In the end, all of that was smoke and mirrors. The real problem, and the one that was so hard to figure out, is that I'm scared shitless. I mean, not scared like there's a madman with a gun who's going to hack off my finer bits if I don't write, but scared nonetheless.
What if I send Blink out and fail... again? Ek, I can feel myself getting queasy just thinking about it.
What if I can't edit Nano to the point where it all comes together and makes sense? :gack:
Or worse. What if I've lost it? What if the spark that produced Spectacle and RTL and Manhunter has gone out? :shudder: Pepto, anyone?
These are the things I've been so desperately avoiding these past few weeks... Okay, months. I don't want to stare fear in the face, and every time I try, I get the nausea instead. It's my body's way of pulling a Monty Python: "Run away! Run away!" No wonder even spring cleaning looks preferable.
I haven't figured out what I'm going to do about this. I sure as hell haven't beaten it yet. Right now I just want to crawl back to bed and claim that I'm still not up to snuff physically to fight this mental battle. (Being sick is a great excuse, btw, but that's all it is. It's not like I can't sit here and work with a box of Kleenex next to me. I won't type as fast, but my fingers aren't sick.)

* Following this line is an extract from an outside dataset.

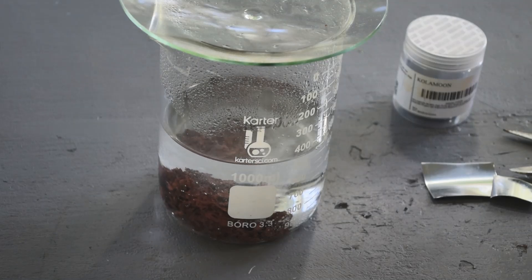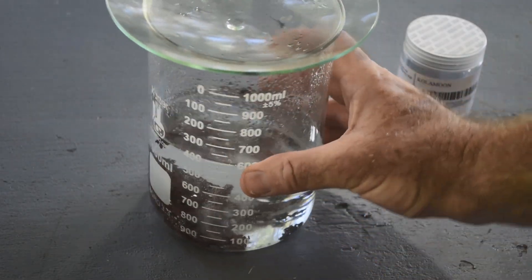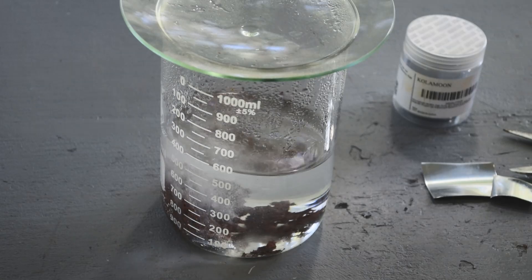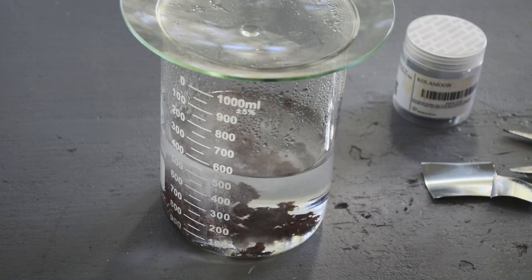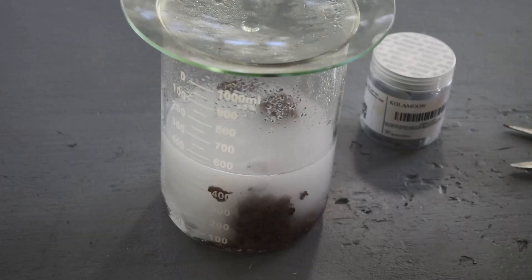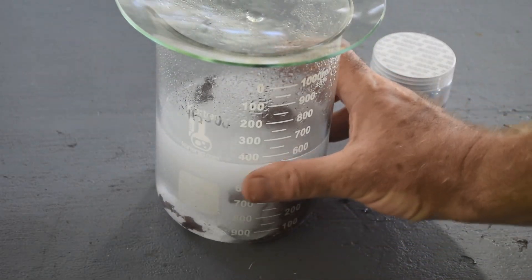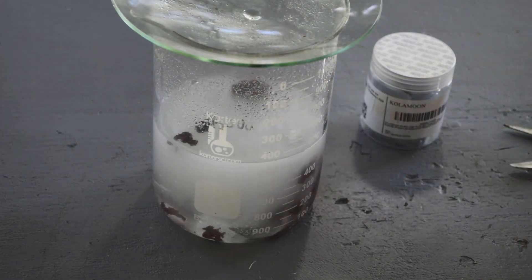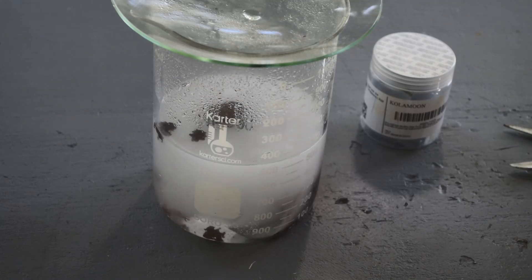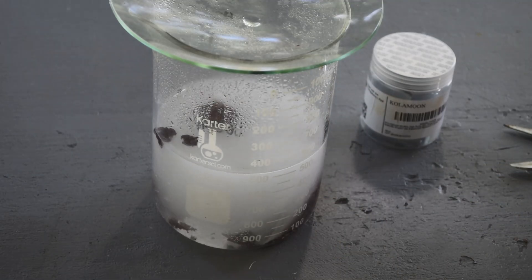That last piece of zinc is not reacting all that strongly, so I think we're about done. I'm going to let this go for a while, and if that last piece of zinc doesn't fully dissolve I'll pull it out. That looks pretty darn colorless — by the time this last piece of zinc is done reacting I think we'll have all the metal out of solution. Cool, that worked nicely.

I keep telling myself it's okay, and I've earned some down time, but I know that the longer I let this fear take hold, the harder it will be to defeat. Last time it was nine months without writing, and I can't afford to let that happen again.
The best I can do right now is hold firm. Draw a line in the sand and say 'this far and no further'. And when I've got the battle plan figured out, move the line. Push the fear back into the dark recesses of my subconscious where it belongs - right alongside my fear of grasshoppers.
Until then, though, I'm a little stuck. I refuse to go back, and I can't move forward. *shrug*
Such is the life of a writer, I guess. Or maybe just this writer.
How about you? What are you afraid of?